O filme “O Jogo da Imitação”, dirigido por Morten Tyldum, conta, de maneira fiel, parte da história da vida do matemático britânico Alan Turing, tido como o inventor do computador. A atuação de Benedict Cumberbatch como Turing é admirável. Na Segunda Guerra Mundial (1939-1945), convocado pelo governo do primeiro-ministro Winston Churchill, o cientista criou uma máquina que permitiu que se revelasse a criptografia alemã. Espécie de pré-computador, a engenhoca desvendou os recursos da máquina Enigma, que produzia uma criptografia de qualidade. É possível que, graças a este trabalho, a batalha tenha durado menos. Porém, em 1952, Turing se suicidou (gostava do filme “Branca de Neve e os Sete Anões” e certamente por isso pôs cianeto numa maçã e a comeu). Só tinha 41 anos. A lei da Inglaterra considerava ilegal o relacionamento sexual entre dois homens (ou duas mulheres) e o pesquisador de Cambridge foi detido. Para evitar a condenação à prisão, aceitou fazer um tratamento, uma castração química, que provocou efeitos colaterais: suas mãos tremiam e as mamas cresceram. É quase possível sugerir que o Estado o matou.

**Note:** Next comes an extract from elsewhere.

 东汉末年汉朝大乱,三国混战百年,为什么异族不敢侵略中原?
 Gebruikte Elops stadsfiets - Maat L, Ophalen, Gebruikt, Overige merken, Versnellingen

A biografia clássica sobre o cientista, que estudou em Cambridge e Princeton, é “Alan Turing: The Enigma”, de Andrew Hodges. As editoras brasileiras não se interessaram em traduzi-la. Um livro sintético mas de qualidade é “O Homem Que Sabia Demais — Alan Turing e a Invenção do Computador” (Novo Conceito, 317 páginas, tradução de Samuel Dirceu), de David Leavitt. Os livros mais importantes sobre a Segunda Guerra Mundial citam o Ultra, mas nem todos mencionam Turing. A melhor biografia do mais importante estadista inglês do século 20, “Churchill” (Nova Fronteira, 897 páginas, tradução de Heitor Aquino Ferreira), de Roy Jenkins, apesar de não citar o nome do estudioso, resgata a importância do Ultra, o sistema que fez a revelação dos segredos da Enigma.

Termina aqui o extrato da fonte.